However, many years previously, Tantular had settled significant assets on a Jersey trust called the Jasmine Investment Trust. A holding company of the trust had subsequently bought a SGD7.1-million apartment in Singapore for Tantular's wife and children to live in, with Credit Suisse as the mortgagee. When the Indonesian government traced the source of the funds it applied to the Jersey government for help in recovering them. In 2013, Jersey's Attorney General duly applied to the Royal Court for a freezing order (saisie judiciaire). This was granted and was followed by a second such order in 2014, based on new criminal proceedings started against Tantular in Indonesia in 2012 for embezzlement and fraud.

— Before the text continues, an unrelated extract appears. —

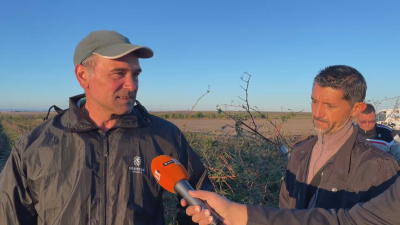 Силната буря в Поморийско е унищожила почти напълно реколтата от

The Tantular family beneficiaries of the trust appealed against these orders. They argued that the Proceeds of Crime Law 1999 (the 1999 Law) and the associated Proceeds of Crime (Enforcement of Confiscation and Instrumentalities Forfeiture Orders) (Jersey) Regulations 2008 (the 2008 Regulations), under which the orders were issued, did not permit orders to be made in relation to property situated outside Jersey. The Tantular beneficiaries cited case law from England and Guernsey to argue that, because the trust property was situated in Singapore and was held through a British Virgin Islands-incorporated holding company, the Jersey courts did not have jurisdiction under the amended 1999 Law to order the saisies judiciaires over foreign-situate assets.

This argument was dismissed first by the Court of Appeal of Jersey (the Court of Appeal) and then by the Royal Court in 2020 (Tantular, 2020 JRC058), which instead decided to follow the precedent in Kaplan (2009 JLR 88). They concluded that the saisie judiciaire granted to the Indonesian government against Tantular under proceeds of crime legislation was not limited to assets in Jersey and could apply to foreign property held by a Jersey-based individual or entity.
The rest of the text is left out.